#### INPUT RECORDS

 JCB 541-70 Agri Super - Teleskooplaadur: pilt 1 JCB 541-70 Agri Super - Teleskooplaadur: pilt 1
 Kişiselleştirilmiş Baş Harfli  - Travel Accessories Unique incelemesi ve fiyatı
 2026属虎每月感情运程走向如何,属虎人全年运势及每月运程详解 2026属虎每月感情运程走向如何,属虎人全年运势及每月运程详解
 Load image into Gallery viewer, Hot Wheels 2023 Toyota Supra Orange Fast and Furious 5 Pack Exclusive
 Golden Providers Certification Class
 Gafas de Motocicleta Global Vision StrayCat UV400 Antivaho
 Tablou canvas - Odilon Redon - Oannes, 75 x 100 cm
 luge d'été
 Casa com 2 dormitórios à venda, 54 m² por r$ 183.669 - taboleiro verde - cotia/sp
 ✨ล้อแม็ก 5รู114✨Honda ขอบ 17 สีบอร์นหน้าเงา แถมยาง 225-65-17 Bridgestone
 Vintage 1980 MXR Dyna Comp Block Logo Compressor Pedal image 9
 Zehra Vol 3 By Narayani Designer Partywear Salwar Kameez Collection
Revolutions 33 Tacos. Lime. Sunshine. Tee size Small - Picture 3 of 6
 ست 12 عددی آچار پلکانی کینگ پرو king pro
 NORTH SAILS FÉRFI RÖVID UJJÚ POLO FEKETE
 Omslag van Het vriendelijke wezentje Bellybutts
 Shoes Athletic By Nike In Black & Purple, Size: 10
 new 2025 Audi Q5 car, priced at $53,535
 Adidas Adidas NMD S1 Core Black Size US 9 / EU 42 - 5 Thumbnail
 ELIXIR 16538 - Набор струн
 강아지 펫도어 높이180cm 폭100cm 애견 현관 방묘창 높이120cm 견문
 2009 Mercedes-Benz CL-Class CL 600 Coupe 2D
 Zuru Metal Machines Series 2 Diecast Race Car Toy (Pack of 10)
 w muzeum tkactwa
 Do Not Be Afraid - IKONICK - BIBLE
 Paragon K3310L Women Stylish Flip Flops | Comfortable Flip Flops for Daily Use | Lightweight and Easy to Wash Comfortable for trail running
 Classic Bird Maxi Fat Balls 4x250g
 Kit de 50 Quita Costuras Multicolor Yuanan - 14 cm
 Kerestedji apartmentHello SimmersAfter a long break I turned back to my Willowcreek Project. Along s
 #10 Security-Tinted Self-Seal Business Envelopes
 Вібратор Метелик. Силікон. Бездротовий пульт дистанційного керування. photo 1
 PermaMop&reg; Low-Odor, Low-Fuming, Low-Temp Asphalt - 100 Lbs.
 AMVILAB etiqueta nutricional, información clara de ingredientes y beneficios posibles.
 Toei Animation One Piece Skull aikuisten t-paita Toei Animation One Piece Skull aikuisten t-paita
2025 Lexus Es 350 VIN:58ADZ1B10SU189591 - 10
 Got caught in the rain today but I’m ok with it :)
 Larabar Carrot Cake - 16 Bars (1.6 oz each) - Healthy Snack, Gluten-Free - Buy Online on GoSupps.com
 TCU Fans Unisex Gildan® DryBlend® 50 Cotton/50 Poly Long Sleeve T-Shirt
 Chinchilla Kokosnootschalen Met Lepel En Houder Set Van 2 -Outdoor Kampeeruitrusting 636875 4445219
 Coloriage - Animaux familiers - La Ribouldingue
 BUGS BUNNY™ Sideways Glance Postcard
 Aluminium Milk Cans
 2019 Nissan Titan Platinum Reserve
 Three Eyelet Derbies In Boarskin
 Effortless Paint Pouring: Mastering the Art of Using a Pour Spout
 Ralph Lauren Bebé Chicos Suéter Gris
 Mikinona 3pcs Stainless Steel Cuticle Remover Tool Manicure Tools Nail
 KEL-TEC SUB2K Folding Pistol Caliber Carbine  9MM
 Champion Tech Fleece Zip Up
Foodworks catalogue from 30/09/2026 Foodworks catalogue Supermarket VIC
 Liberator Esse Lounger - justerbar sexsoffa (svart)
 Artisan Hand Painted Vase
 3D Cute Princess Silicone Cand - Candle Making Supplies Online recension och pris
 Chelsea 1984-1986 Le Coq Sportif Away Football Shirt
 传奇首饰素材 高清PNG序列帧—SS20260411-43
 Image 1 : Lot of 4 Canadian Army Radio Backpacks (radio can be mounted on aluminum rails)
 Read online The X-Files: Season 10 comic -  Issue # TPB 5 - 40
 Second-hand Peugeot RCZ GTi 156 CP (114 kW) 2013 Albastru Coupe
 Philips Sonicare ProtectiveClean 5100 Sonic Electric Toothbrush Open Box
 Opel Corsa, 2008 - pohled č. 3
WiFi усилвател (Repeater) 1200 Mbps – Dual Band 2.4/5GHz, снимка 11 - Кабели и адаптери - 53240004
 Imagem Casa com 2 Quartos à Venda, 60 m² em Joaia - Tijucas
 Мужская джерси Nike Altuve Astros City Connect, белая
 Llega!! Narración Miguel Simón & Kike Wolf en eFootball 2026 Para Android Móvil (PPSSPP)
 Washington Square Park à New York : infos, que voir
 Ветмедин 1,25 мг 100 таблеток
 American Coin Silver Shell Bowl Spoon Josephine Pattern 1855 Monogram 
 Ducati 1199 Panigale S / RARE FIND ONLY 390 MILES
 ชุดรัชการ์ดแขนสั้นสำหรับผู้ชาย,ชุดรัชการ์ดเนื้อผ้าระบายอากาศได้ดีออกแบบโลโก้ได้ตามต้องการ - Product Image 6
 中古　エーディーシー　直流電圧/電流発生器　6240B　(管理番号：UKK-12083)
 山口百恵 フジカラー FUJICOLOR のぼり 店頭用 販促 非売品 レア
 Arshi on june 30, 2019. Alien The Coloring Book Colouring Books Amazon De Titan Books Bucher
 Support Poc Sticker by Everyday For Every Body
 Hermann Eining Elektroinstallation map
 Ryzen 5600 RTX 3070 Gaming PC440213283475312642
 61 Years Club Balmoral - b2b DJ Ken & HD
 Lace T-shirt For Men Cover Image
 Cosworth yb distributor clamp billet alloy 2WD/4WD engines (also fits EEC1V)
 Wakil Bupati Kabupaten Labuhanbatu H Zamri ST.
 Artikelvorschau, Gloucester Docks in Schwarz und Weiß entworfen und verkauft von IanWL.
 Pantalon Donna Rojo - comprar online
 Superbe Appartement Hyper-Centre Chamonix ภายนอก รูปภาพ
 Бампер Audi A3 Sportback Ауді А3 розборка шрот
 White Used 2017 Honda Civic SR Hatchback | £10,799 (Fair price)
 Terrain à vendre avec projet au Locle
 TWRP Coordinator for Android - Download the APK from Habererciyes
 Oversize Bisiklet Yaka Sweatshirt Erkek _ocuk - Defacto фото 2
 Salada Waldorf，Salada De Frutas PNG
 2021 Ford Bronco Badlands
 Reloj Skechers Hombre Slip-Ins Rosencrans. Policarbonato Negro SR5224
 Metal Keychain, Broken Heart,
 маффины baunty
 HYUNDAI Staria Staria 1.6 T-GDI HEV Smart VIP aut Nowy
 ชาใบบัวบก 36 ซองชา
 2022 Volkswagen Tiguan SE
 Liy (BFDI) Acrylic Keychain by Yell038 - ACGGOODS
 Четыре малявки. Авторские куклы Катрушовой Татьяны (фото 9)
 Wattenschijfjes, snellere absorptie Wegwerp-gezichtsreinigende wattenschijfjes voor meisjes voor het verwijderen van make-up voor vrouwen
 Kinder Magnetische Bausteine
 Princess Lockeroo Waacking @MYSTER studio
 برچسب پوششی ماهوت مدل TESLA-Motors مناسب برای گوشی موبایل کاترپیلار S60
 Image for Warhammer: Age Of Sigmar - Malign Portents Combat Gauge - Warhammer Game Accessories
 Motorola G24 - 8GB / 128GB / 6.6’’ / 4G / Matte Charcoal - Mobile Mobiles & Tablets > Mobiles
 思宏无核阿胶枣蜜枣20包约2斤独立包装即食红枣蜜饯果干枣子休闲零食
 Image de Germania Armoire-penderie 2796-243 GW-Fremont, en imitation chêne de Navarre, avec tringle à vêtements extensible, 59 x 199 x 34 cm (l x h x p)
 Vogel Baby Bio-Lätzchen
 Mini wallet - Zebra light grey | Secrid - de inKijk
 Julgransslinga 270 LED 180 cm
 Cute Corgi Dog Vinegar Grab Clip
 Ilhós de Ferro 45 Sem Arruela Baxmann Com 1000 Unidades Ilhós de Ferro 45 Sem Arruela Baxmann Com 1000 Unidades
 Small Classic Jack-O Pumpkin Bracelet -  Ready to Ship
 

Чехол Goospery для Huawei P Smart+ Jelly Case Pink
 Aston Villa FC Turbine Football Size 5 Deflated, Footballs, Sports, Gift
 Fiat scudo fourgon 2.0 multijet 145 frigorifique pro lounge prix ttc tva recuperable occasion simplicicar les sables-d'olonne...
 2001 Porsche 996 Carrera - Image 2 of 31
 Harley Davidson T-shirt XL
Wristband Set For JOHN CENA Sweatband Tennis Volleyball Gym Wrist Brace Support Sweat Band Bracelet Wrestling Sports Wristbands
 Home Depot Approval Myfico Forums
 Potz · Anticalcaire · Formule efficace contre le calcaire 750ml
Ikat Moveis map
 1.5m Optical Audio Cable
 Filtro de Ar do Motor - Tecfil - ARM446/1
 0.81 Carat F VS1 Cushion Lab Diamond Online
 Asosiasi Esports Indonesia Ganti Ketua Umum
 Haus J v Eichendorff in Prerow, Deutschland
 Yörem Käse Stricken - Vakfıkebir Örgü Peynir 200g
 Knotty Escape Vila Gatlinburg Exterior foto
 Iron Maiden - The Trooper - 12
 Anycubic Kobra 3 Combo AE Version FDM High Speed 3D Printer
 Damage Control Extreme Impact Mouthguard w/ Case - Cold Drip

#### TASK OBJECTIVE
From the listing above, repeat exactly the lines starting at the line that includes "White Used 2017" and ending at the line that includes "Четыре малявки. Авторские", with nothing outside that span.

#### SOLVED EXERCISE
 White Used 2017 Honda Civic SR Hatchback | £10,799 (Fair price)
 Terrain à vendre avec projet au Locle
 TWRP Coordinator for Android - Download the APK from Habererciyes
 Oversize Bisiklet Yaka Sweatshirt Erkek _ocuk - Defacto фото 2
 Salada Waldorf，Salada De Frutas PNG
 2021 Ford Bronco Badlands
 Reloj Skechers Hombre Slip-Ins Rosencrans. Policarbonato Negro SR5224
 Metal Keychain, Broken Heart,
 маффины baunty
 HYUNDAI Staria Staria 1.6 T-GDI HEV Smart VIP aut Nowy
 ชาใบบัวบก 36 ซองชา
 2022 Volkswagen Tiguan SE
 Liy (BFDI) Acrylic Keychain by Yell038 - ACGGOODS
 Четыре малявки. Авторские куклы Катрушовой Татьяны (фото 9)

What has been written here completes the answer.